The local maximum can be detected accurately. Also, since the maximum value of the voiced sound waveform is detected in consideration of both the maximum value of the fundamental wave component and the maximum value of the original speech waveform, it is possible to set an accurate pitch mark automatically. Become. This makes it possible to output high-quality synthesized speech at the waveform level.

[Brief description of the drawings]

【図１】本発明の第１実施形態を説明するフローチャー
トである。FIG. 1 is a flowchart illustrating a first embodiment of the present invention.

【図２】ケプストラム法を説明するフローチャートであ
る。FIG. 2 is a flowchart illustrating a cepstrum method.

【図３】本発明の第２実施形態を説明するフローチャー
トである。FIG. 3 is a flowchart illustrating a second embodiment of the present invention.

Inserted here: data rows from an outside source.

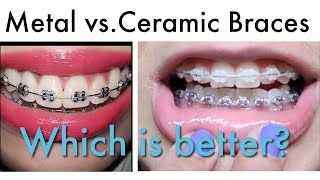 WHICH IS BETER Metal or Ceramic Braces [upl. by Farrison]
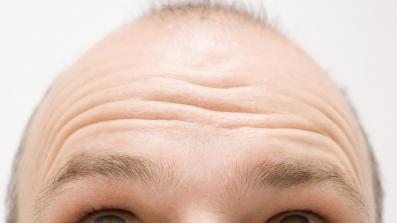 alopecia una cura contro lo stress potrebbe combatterla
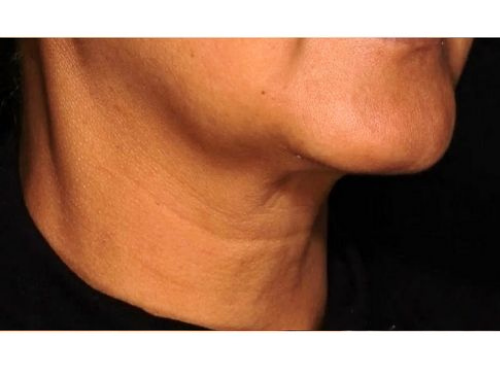 Submental after Sofwave treatment skin tightening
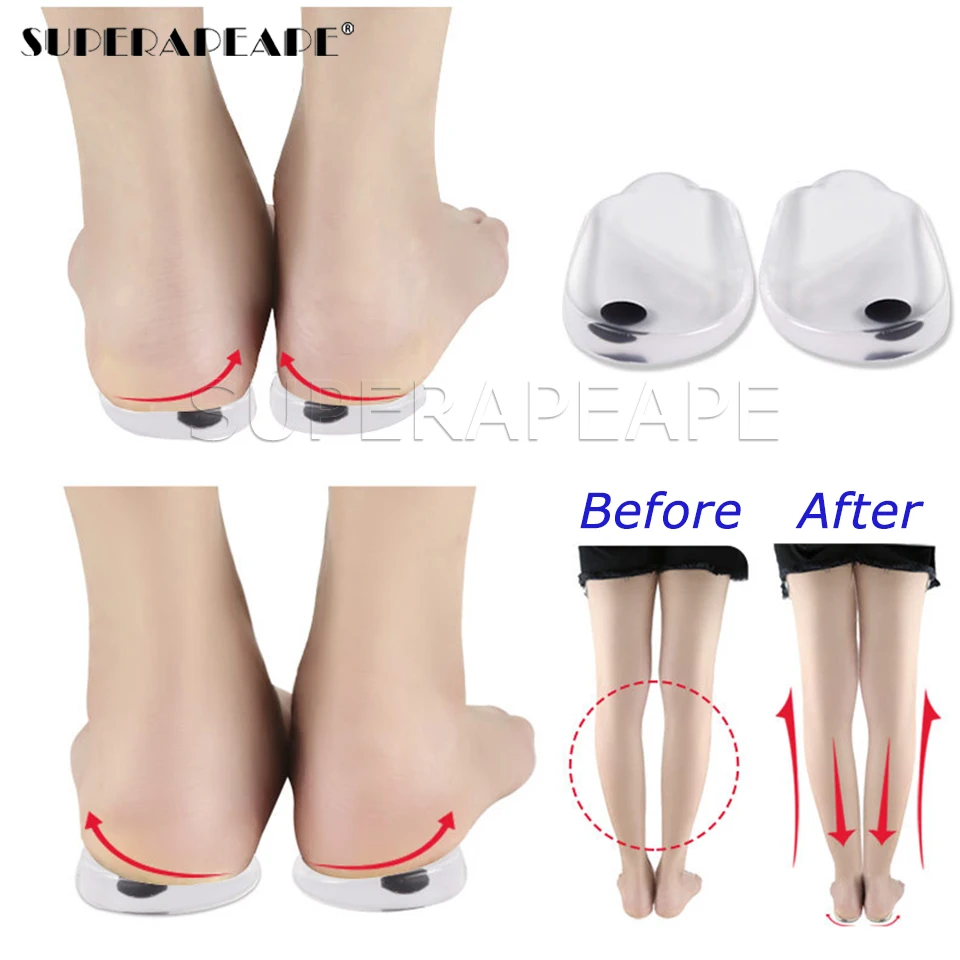 Magnetic Massage Insoles Gel O/X Type Leg Orthotics Heel Pads Corrective Valgus Varus Foot Magnet Insert | Спорт и развлечения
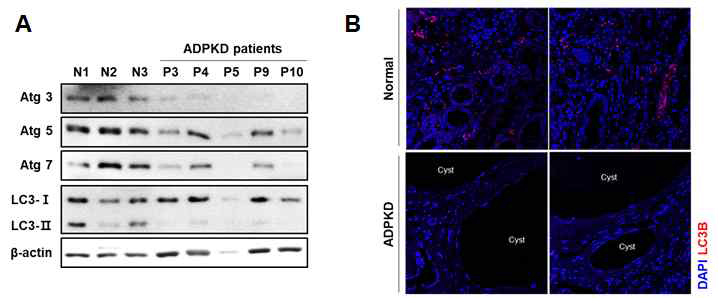 PKD 환자 신장에서 basal autophagy 수준 스크리닝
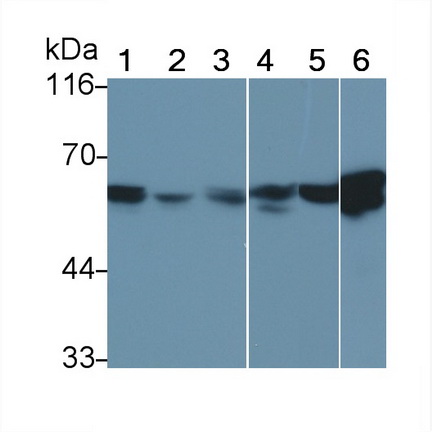 Monoclonal Antibody to Vimentin (VIM)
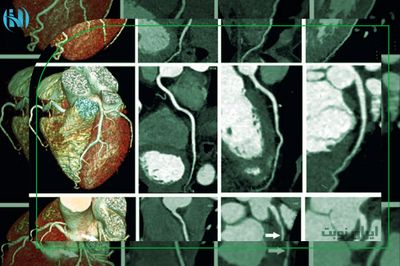 تفسیر و خواندن جواب سی تی اسکن قلب 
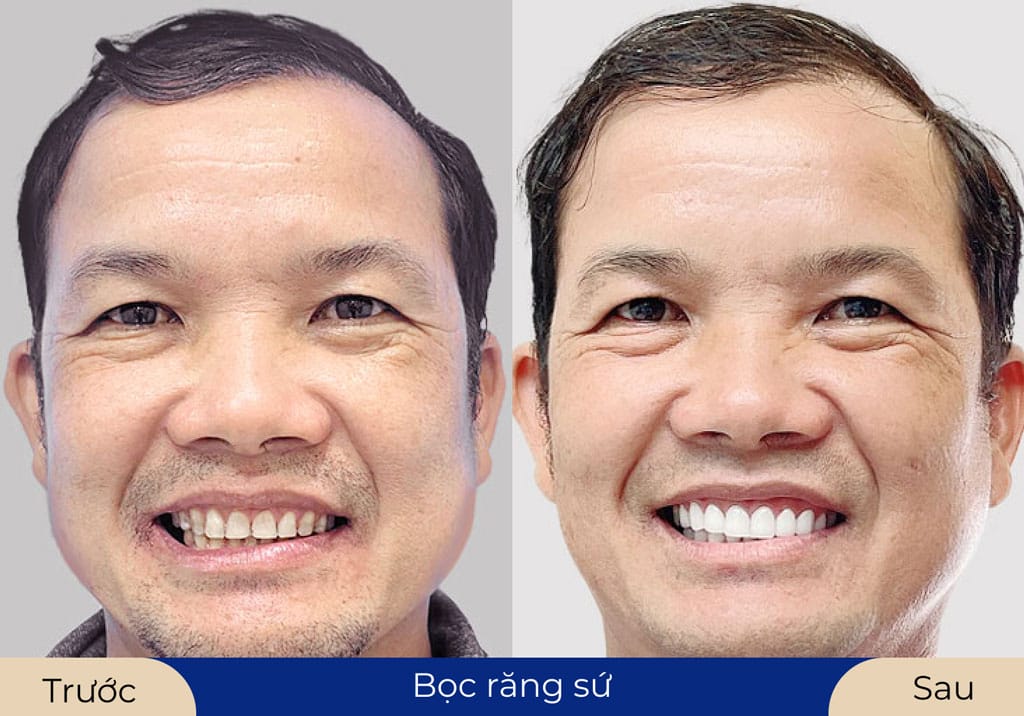 Khách hàng trước và sau khi bọc răng sứ tại Kangnam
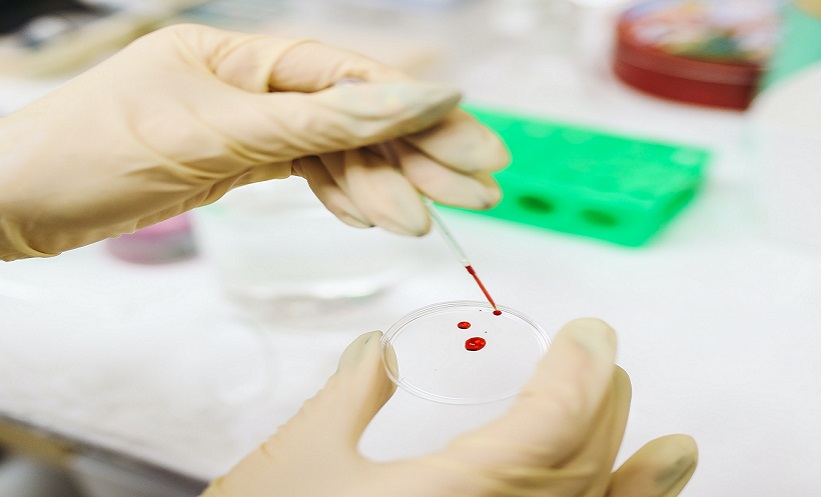 Novel Blood Test to Predict Liver Cancer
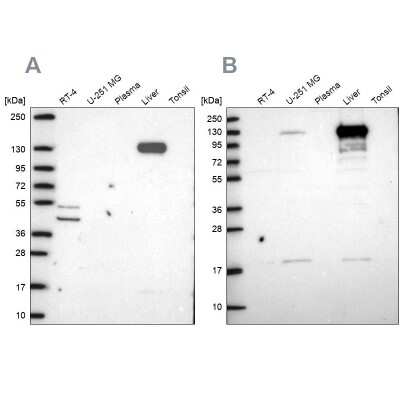 Western Blot: Pyruvate Carboxylase Antibody [NBP2-55361]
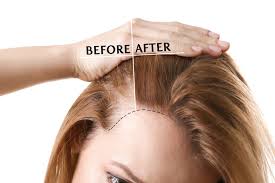 Menopause is a time of extreme hormonal changes that typically occurs around the late 40s and early 50s. Hair Loss Women Beyond Smile Hair Transplant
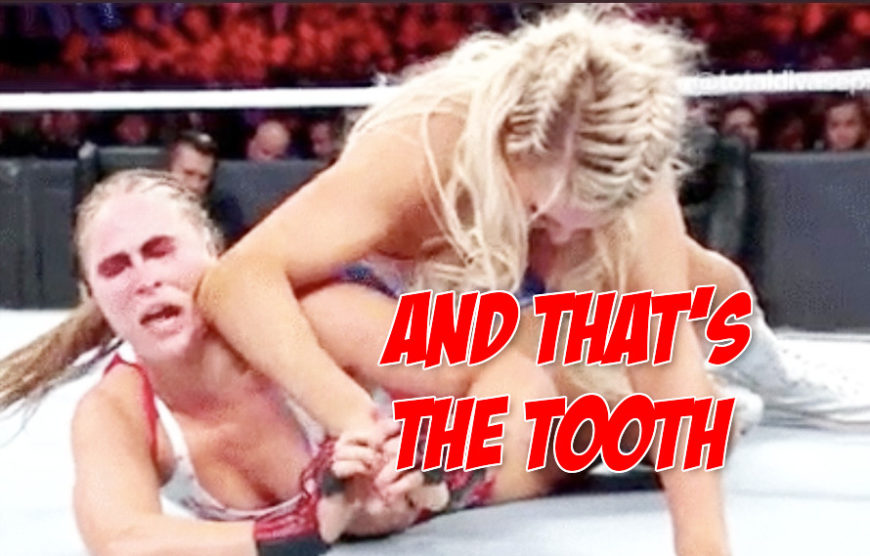 Ronda Rousey tooth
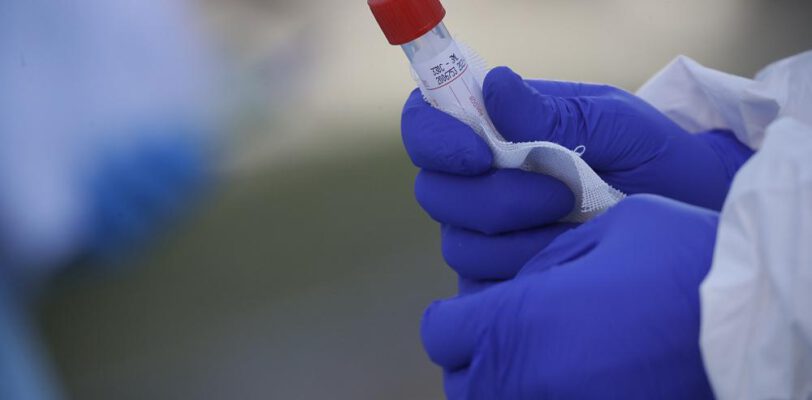 Турция занимает четвертое место в мире по смертности от коронавируса   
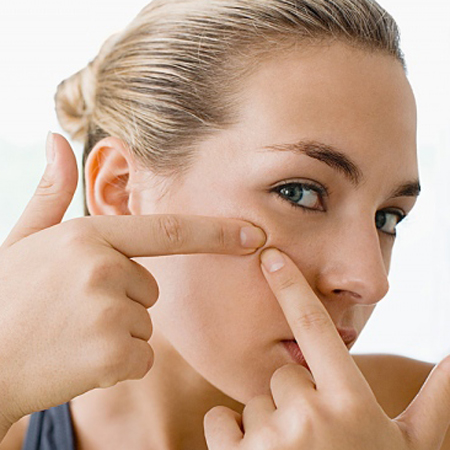 Mụn làm bạn thiếu tự tin khi giao tiếp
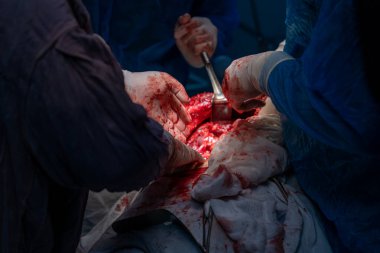 Bir grup cerrah bir hastaya ameliyat yapıyor. Cerrahlar hastanın hayatını kurtarmak için birlikte çalışırken sahne yoğun ve dramatik.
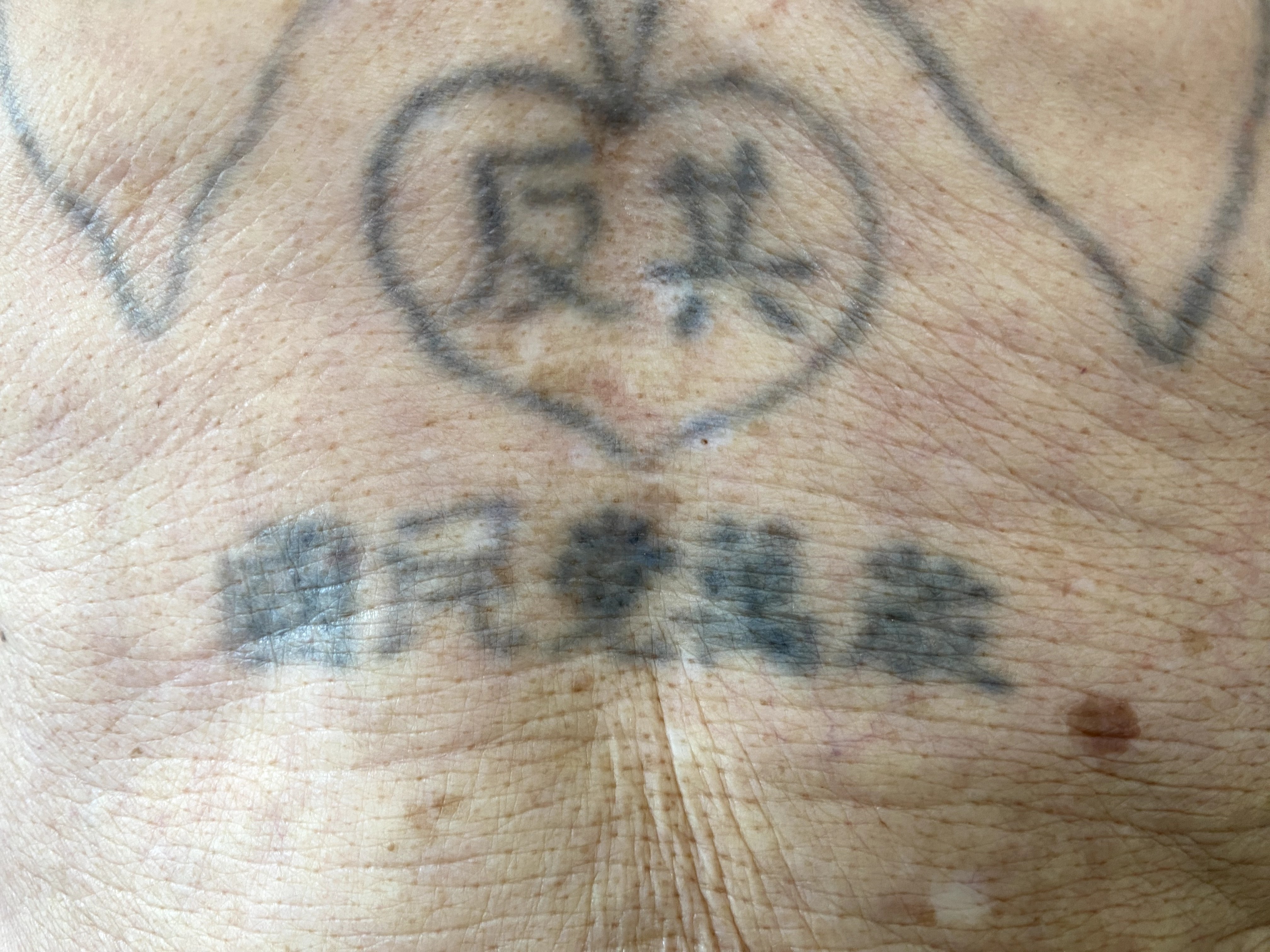 卜占才被關押戰俘營,身上遭刺滿反共圖騰及標語。圖/搶救遷台歷史記憶庫提供
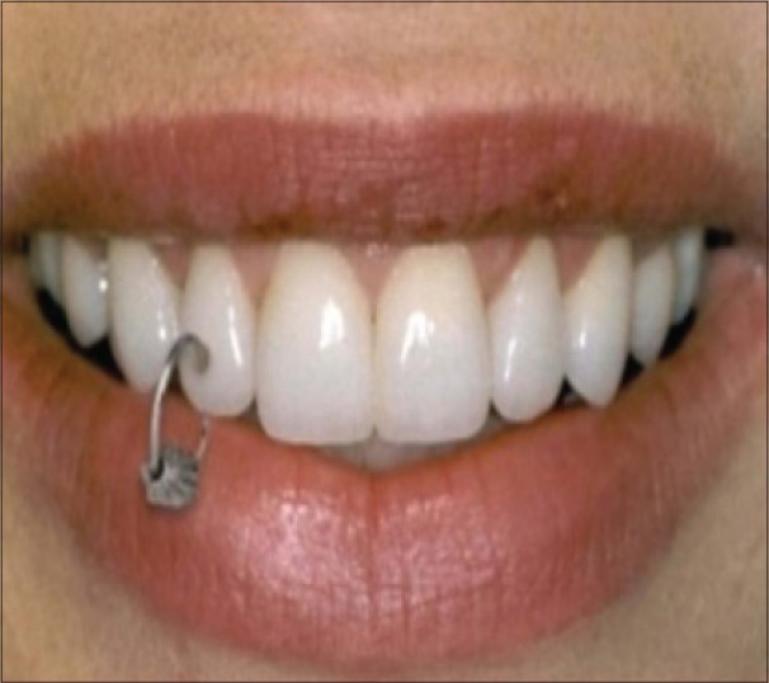 Sul dente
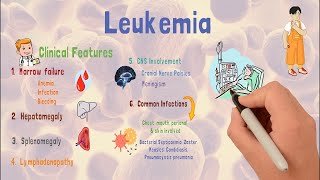 Leukemia  Causes  Types  Early signs amp Treatment [upl. by Yldarb841]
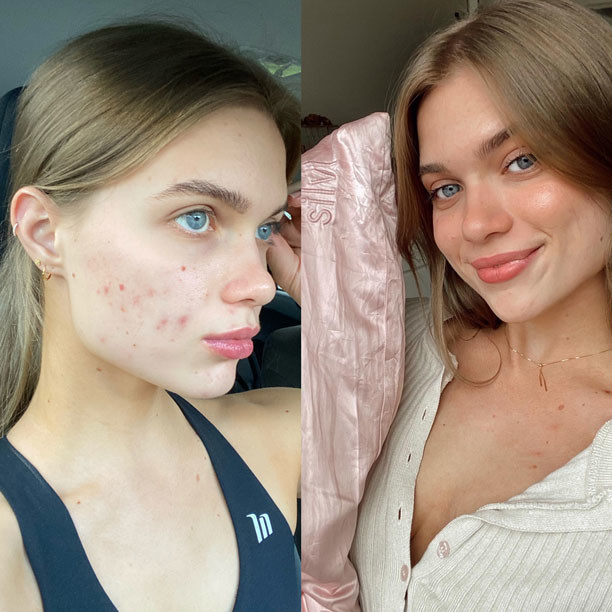 A before and after showing a woman with completely clear skin after using the Silvi pillowcase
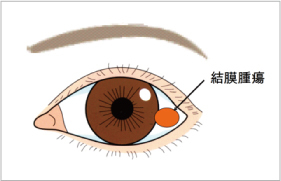 2.結膜の腫瘍（しろめの腫瘍）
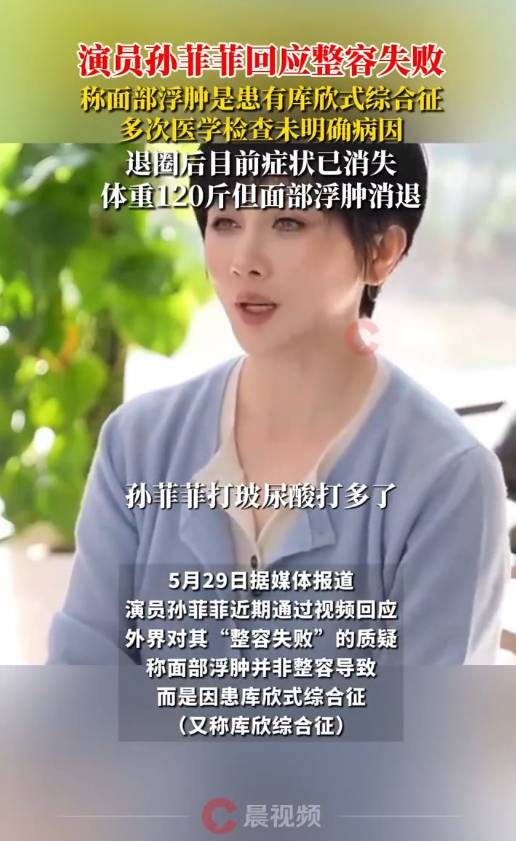 演员孙菲菲回应整容失败！称容貌变化是因为患“库欣式综合征”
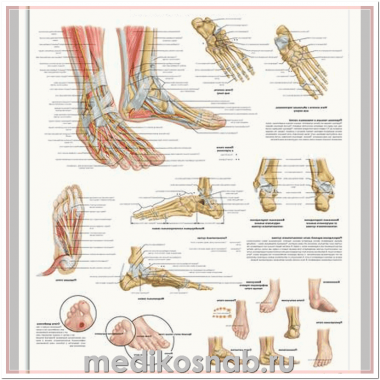 Плакат медицинский Стопа и суставы стопы, анатомия и патология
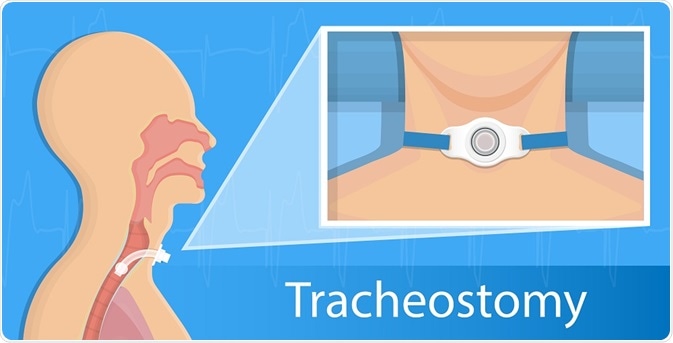 Diagram illustrating a tracheostomy - By rumrua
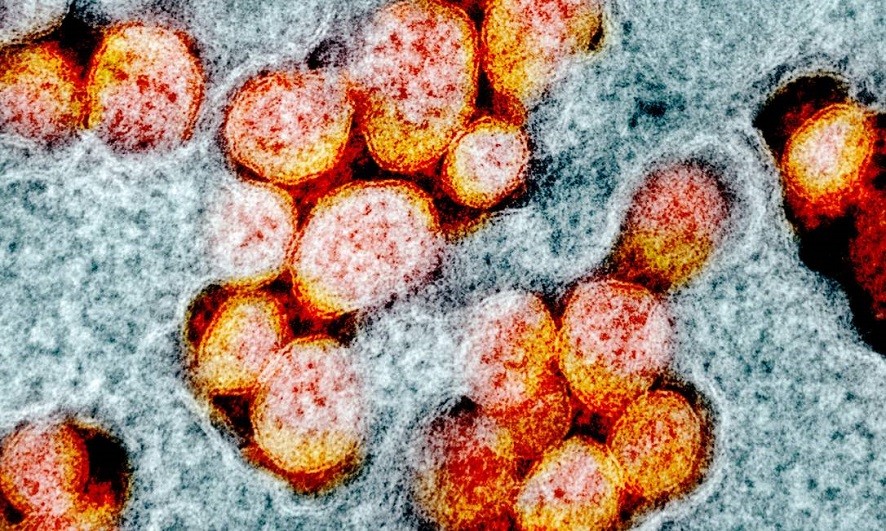 Covid-19. Infeções estão a subir nos mais jovens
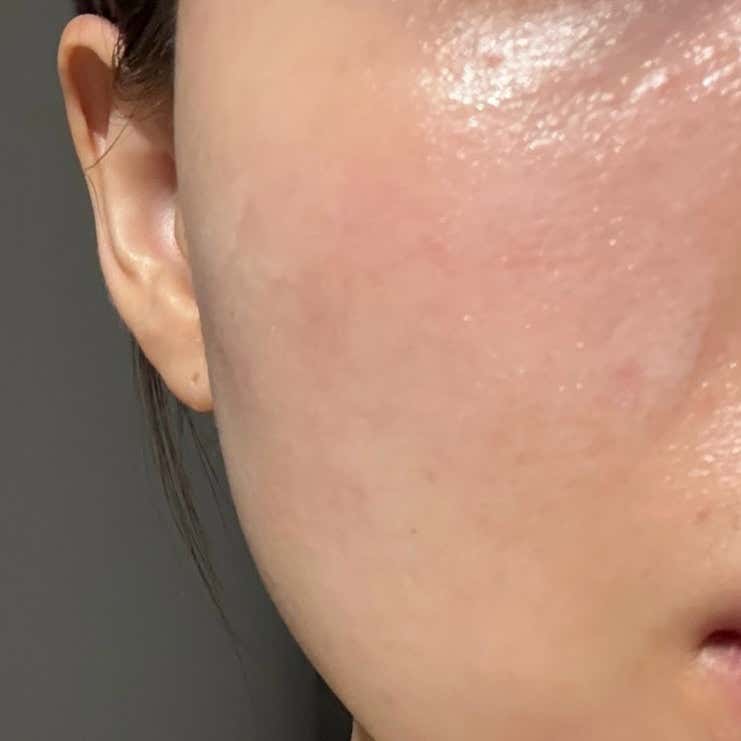 케이피부과의원 부산수영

【図４】従来例を説明するフローチャートである。FIG. 4 is a flowchart illustrating a conventional example.

Claims

[Claims]

1. A step of detecting a pitch period for each frame of a voiced sound waveform of an input voice, and a step of detecting the pitch period by multiplying a predetermined constant by a reciprocal of the detected pitch period as a cutoff frequency. A step of passing a voice sound waveform and extracting a fundamental wave component, and calculating a time value corresponding to the maximum value of the fundamental wave component, and performing a group delay correction of the low band pass filter with respect to the time value. , A step of calculating pitch mark candidate points, and a step of calculating a maximum value of the voiced sound waveform in the vicinity of the pitch mark candidate points and setting a time value corresponding to the maximum value as a pitch mark. A method for setting a voice pitch mark characterized by.

2. A step of detecting a pitch period for each frame of the input voice, and determining a voiced sound waveform and an unvoiced sound waveform of the input voice at the time of detecting the pitch period; The step of extracting the fundamental wave component by passing the voiced sound waveform through a low-pass filter whose cutoff frequency is a value obtained by multiplying the reciprocal of the detected pitch period by a predetermined constant, and the maximum value of the fundamental wave component. Calculating a time value corresponding to, and performing a group delay correction of the low bandpass filter on the time value to calculate a pitch mark candidate point; and the existence of the pitch mark candidate point in the vicinity of the pitch mark candidate point. And a step of calculating a maximum value of the voice sound waveform and setting a time value corresponding to the maximum value as a pitch mark.

3. The method according to claim 2, wherein the voiced sound waveform and the unvoiced sound waveform of the input voice are discriminated based on a comparison between a cepstrum component in the waveform of the input voice and a predetermined threshold value. How to set the voice pitch mark.

4. The interpolation according to the peak value of the cepstrum component in the waveform of the input voice and a value around the peak value is used to detect the pitch period for each frame. The method for setting a voice pitch mark according to any one of 3 above.